Horlick told the prognosticator that he was sending her a cassette of Thursday's "Inside Edition" with the Brenner-Sister Marie Louise segment intact. Sister Marie Louise ended the regular season tied for first place with "Santa Claus," whose record fell to 11-3 after Minnesota beat Cincinnati 29-21 last night... .
As the spirit of the holidays finally settled over WRC Friday, Horlick, who had been clearly eligible for a lump of coal in his Christmas stocking, instead was presented by his sales staff with a No. 1 made from Baccarat crystal to mark the strong showing of Channel 4 news shows in the November ratings sweeps ...
In case you missed it, James T. Lynagh, who once ran Channel 9 here for Post-Newsweek, has been named president and chief operating officer of Multimedia Inc. He succeeds Walter E. Bartlett, who was recently named chairman and chief executive ...
He had been with Post-Newsweek for 13 years when in 1981 he became president of the Multimedia Broadcasting division, which produces and syndicates TV programming, including the Phil Donahue and Sally Jessy Raphael shows; he owns four TV stations and seven radio stations, and operates cable franchises in four states. William L. Bolster will succeed Lynagh in the broadcasting unit ...
The parent company that Lynagh takes over also owns some 14 daily newspapers and 43 non-daily newspapers ...
In the first hours of the Panama crisis, NBC News apparently helped itself to footage provided by Worldwide Television News (WTN) that was intended for ABC, CBS and CNN only ...

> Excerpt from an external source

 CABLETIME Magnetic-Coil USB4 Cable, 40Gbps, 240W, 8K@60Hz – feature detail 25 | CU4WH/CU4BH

That prompted a rocket from WTN President Kenneth A. Coyte, who complained that when WTN first called NBC's attention to the unauthorized use, an apology and a promise not to use it again was followed by another play of the copyrighted tape ...
This weekend they were still sniping. NBC News noted that ABC News had "lifted off a satellite" exclusive NBC tape of a cameraman in the line of fire in Panama City that showed up on Thursday's "World News Tonight" ...
So far NBC News president Michael Gartner hasn't responded to WTN's complaint. A spokesman for ABC News said "an editor made a mistake on Thursday. The day before, the networks had all agreed to pool everything out of Panama but apparently that didn't last long" ...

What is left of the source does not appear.